Many techniques are used to compress JPG, including lossy and lossless compression.

  • Color Space Conversion: Color space is the specific color format to represent image. Typically, RGB is used, however in JPG, it is converted to the YCbCr color space. YCbCr separates luminance (Y), blue chrominance channel (Cb) and red chrominance channel (Cr). Chrominance is the measure how vary is the color from the neutral gray level of the image.

    The reason YCbCr color space is used is that human visual system is more sensitive to changes in brightness than color. By using this color space, we can separate the color into these component allowing us to be able to compress more irrelevant data.

    RGB vs YCbCr comparison
    Source: https://developingdaily.com/article/technology/rgb-vs-ycbcr/398

  • Chrominance Subsampling: This is the compression that take advantage over human visual system after color space is converted to YCbCr. Basically, the chrominance are reduced or downsampled, but it won't affect image quality significantly.

    Comparison between chrominance subsampling method
    Source: https://www.videomaker.com/article/f6/15788-the-anatomy-of-chroma-subsampling/

  • DCT & Quantization: In simple term, quantization limits the possible color within the image. A pixel with similar color with its neighbor is combined. This results in more pixel color being same, which can be further reduced through other compression method. The quantization is done on DCT coefficients.

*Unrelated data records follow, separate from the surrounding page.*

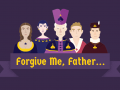Forgive Me, Father...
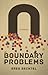 Boundary Problems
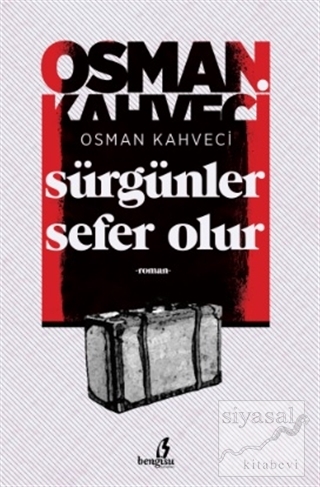 Sürgünler Sefer Olur Osman Kahveci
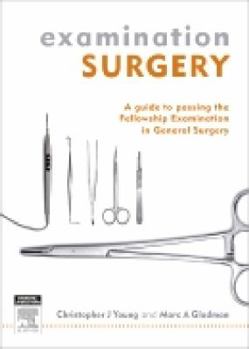Paperback Examination Surgery: A Guide to Passing the Fellowship Examination in General Surgery Book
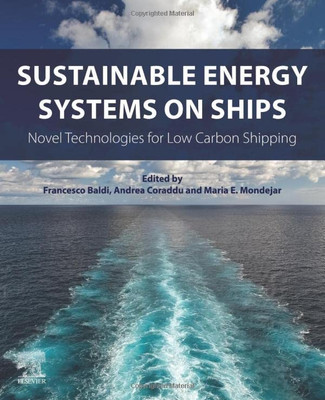 Sustainable Energy Systems On Ships: Novel Technologies For Low Carbon Shipping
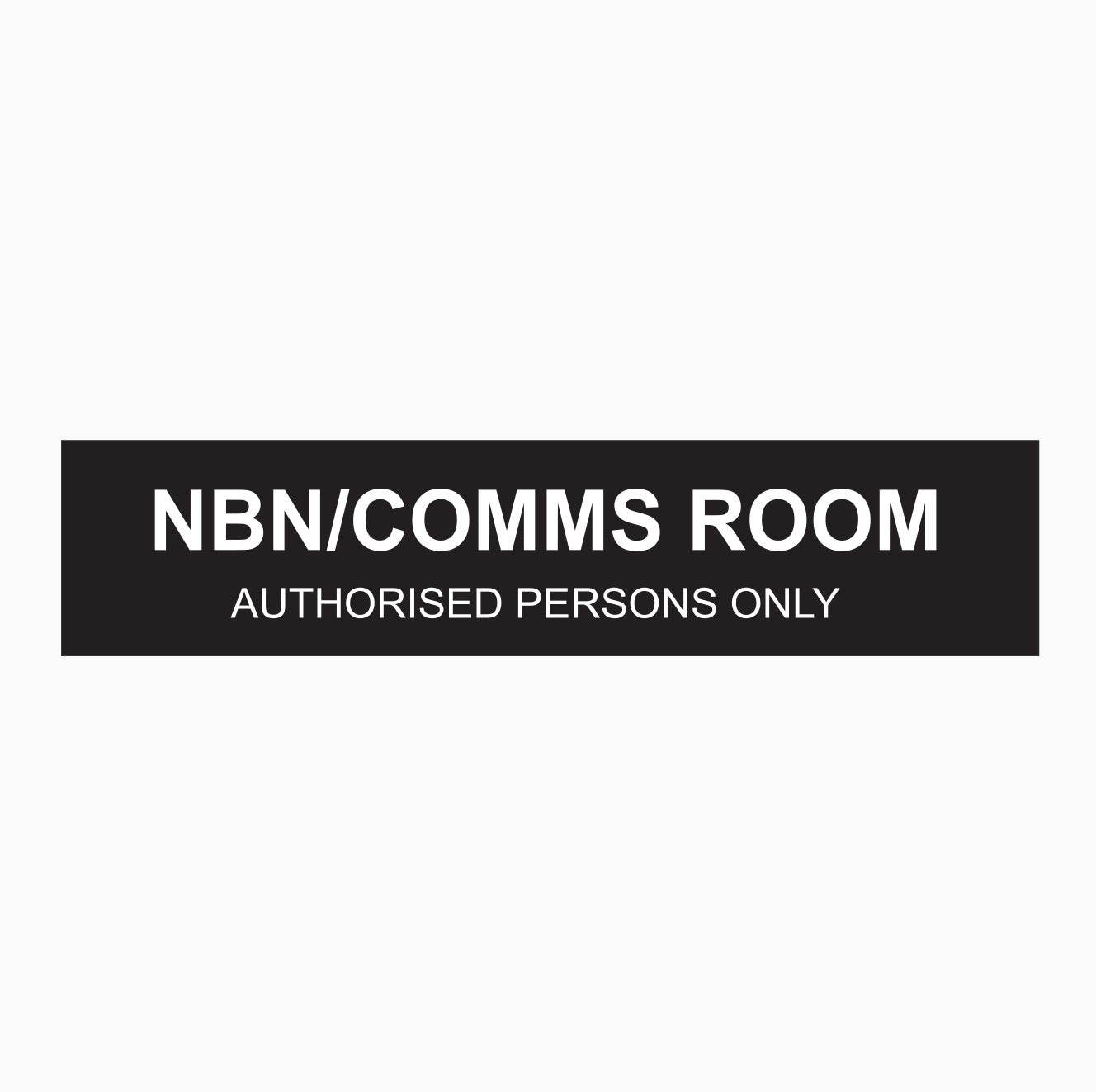 NBN/COMMS ROOM SIGN - AUTHORISED PERSONS ONLY SIGN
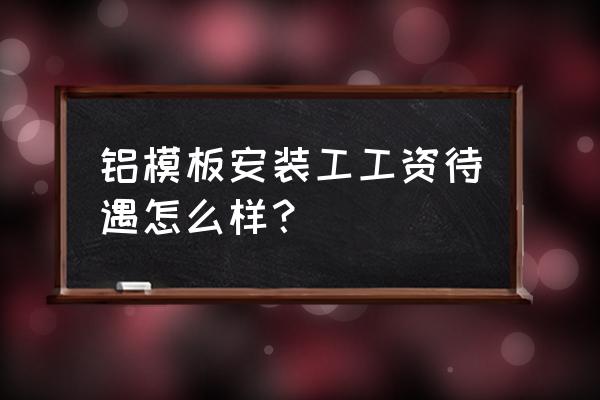 武汉武铝铝模厂招工吗 铝模板安装工工资待遇怎么样？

  • Entropy Coding: Entropy coding is a lossless compression, which combines run-length encoding optimized with zigzag scanning with Huffman encoding.

    Zigzag scanning is used to optimize run-length encoding. It's a scanning pattern where data is read in a zigzag pattern instead of from left to right, to prevent the jumps to the left after reaching the right edge of the image. The idea is, color within image is usually spatially correlated. That is, neighboring pixels tend to have similar or related values. It captures duplicates within the color group efficiently.

    Zigzag scanning
    Source: https://en.wikipedia.org/wiki/JPEG

JPG Structure

JPG file are divided into several segments, each begins with a marker as the indicator.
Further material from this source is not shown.